La surveillance sanitaire repose sur des gestes simples : regarder les pattes, inspecter le dessous des plumes, contrôler la crête, peser à la main et observer l’activité. Les parasites externes aiment les plumages denses. Prévoyez un bac de poussière avec terre sèche, sable et cendre de bois non traitée. Si des démangeaisons, croûtes ou boiteries apparaissent, isolez le sujet et demandez conseil à un vétérinaire habitué aux volailles.
- Changer l’eau tous les jours, surtout en été.
- Retirer les fientes humides sous le perchoir chaque semaine.
- Couper les amas de boue séchée dans les plumes des pattes si besoin.
- Vermifuger seulement avec un produit adapté et un avis compétent.
- Mettre les nouvelles poules en quarantaine avant intégration.
Bien l’intégrer avec d’autres poules
La poule pekin supporte bien la vie en petit groupe, mais elle n’aime pas la brutalité. Évitez de la mélanger sans transition avec de grandes pondeuses nerveuses, surtout si l’espace est limité. Une intégration derrière un grillage pendant quelques jours permet aux oiseaux de se voir sans coups de bec directs. Multipliez les mangeoires pour réduire la compétition.
Dans une basse-cour mixte, surveillez les dominants au moment du coucher et de la distribution de nourriture. Les sujets frisés, très emplumés ou jeunes peuvent être défavorisés. Un trio composé d’un coq calme et de deux ou trois femelles fonctionne bien si le voisinage accepte le chant.
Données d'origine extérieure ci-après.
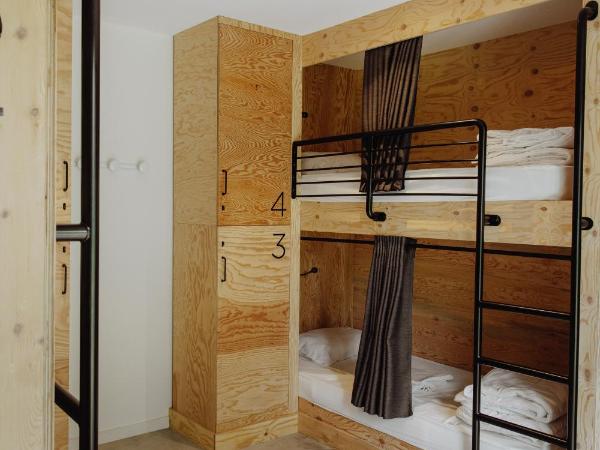 HEJMO : photo 2 de la chambre dortoir pour femmes 4 lits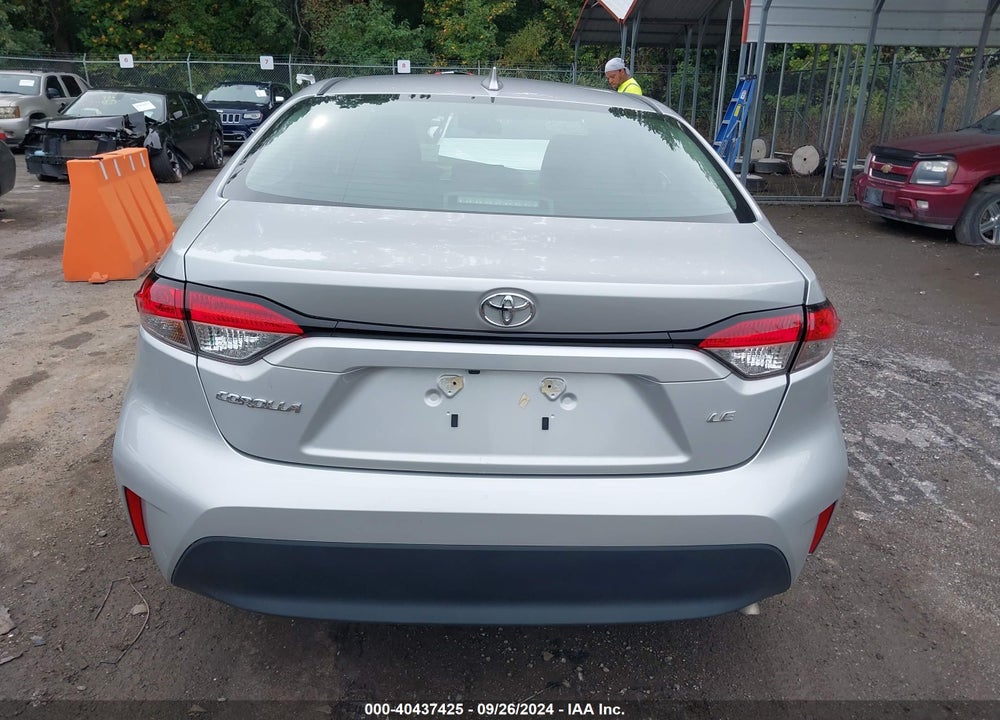 2024 TOYOTA COROLLA LE VIN: 5YFB4MDE8RP083187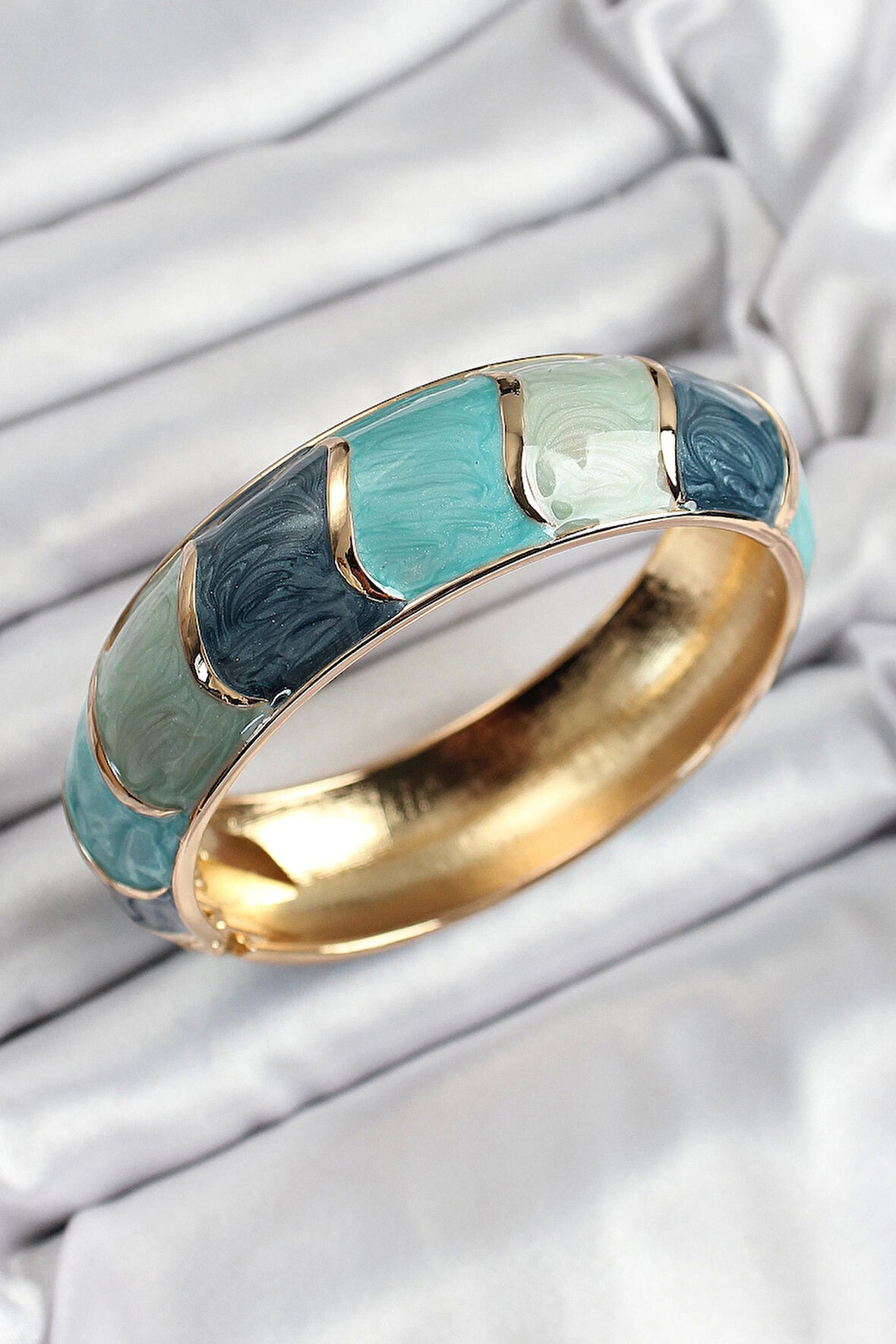 MuI MuI Mineli Pirinç Mavi Su Yeşili Renk Motif Desenli Kadın Kelepçe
En zone résidentielle, mieux vaut souvent garder seulement des poules.
Questions fréquentes
La poule pekin est-elle adaptée aux débutants ?
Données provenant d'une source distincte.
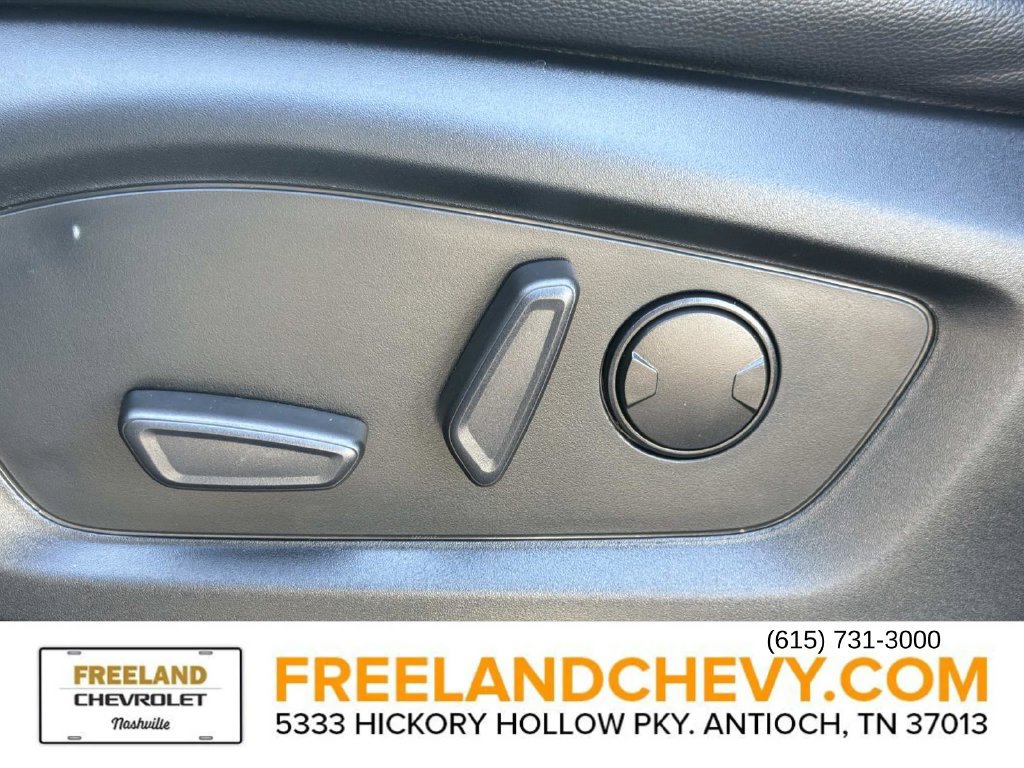 Used 2021 Ford Explorer XLT w/ Equipment Group 202A AWD/4WD image 33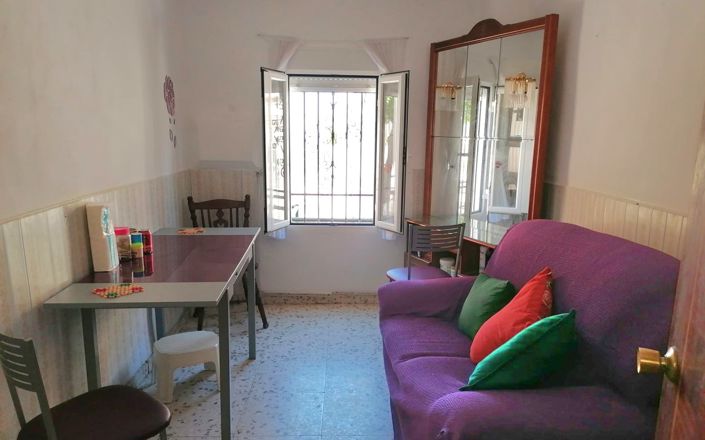 Image No.5-4 Bed House for sale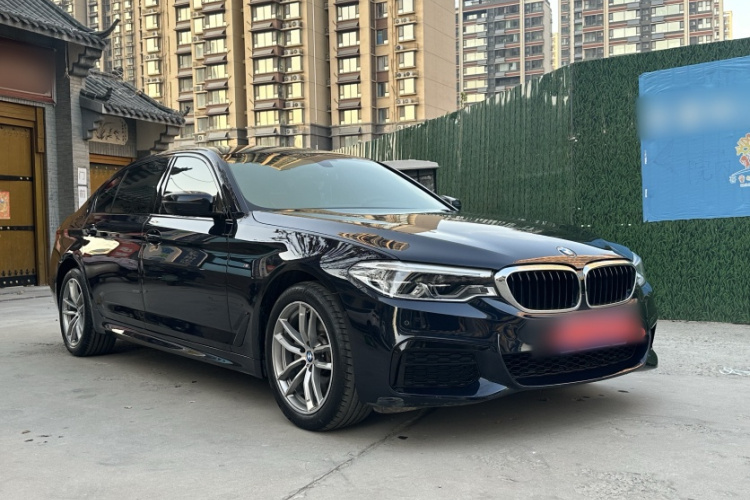 宝马5系 2019款 改款 525Li M运动套装车身外观6002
Oui, si le jardin est sécurisé et sec. Elle est douce, facile à approcher et agréable à observer. Le débutant doit surtout apprendre à entretenir les pattes emplumées et à repérer les parasites.
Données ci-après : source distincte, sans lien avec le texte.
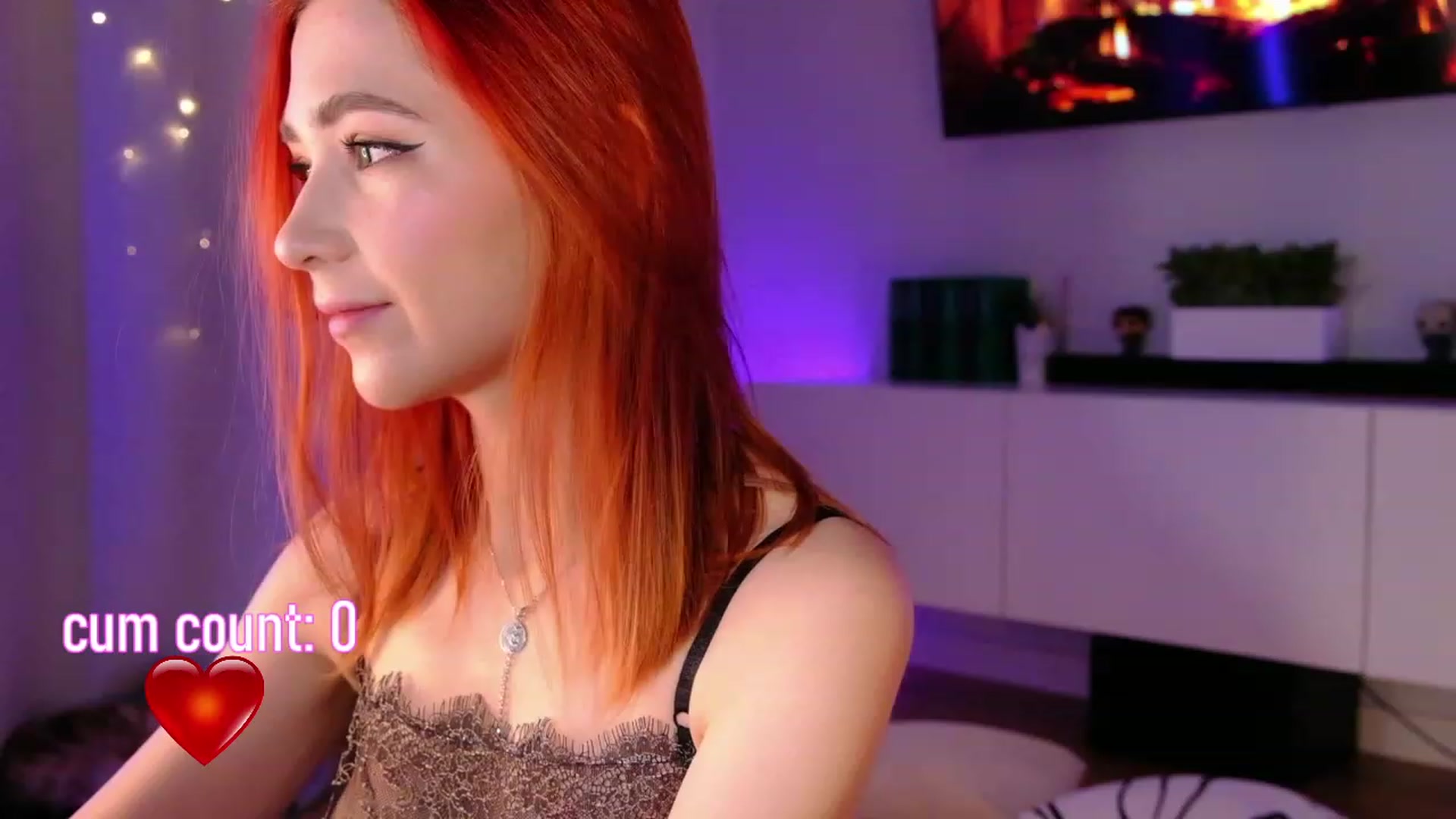 Gallery image thumbnail from JulyRedFox's myfreecams stream on, 01/06/2023, 24:29 image 9 of 20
Combien d’oeufs pond-elle ?
La poule pekin pond généralement moins qu’une grande pondeuse, souvent entre 80 et 150 oeufs par an selon l’âge, la saison, l’alimentation et la lignée. Ses oeufs sont petits, mais utilisables en cuisine.
Peut-elle vivre dans un petit jardin ?
Oui, à condition de prévoir un abri fermé, un parcours propre et au moins quelques mètres carrés par sujet. Même calme, elle gratte, picore et a besoin d’activités naturelles.
Faut-il la protéger de la pluie ?
Oui. L’humidité persistante salit les plumes des pattes et favorise les problèmes cutanés. Une zone couverte et une litière absorbante sont indispensables.
Quelle est la principale erreur à éviter ?
La traiter comme une poule rustique sans entretien. La poule pekin est robuste quand le cadre est bon, mais son plumage demande une attention régulière, surtout en hiver et après les épisodes boueux.
En résumé, la poule pekin est une race de proximité, attachante et décorative, parfaite pour une basse-cour soignée. Elle demande moins d’espace qu’une grande poule, mais pas moins de sérieux. Avec un sol sec, une alimentation mesurée et des contrôles réguliers, elle apporte beaucoup de vie au jardin sans transformer l’élevage en contrainte lourde.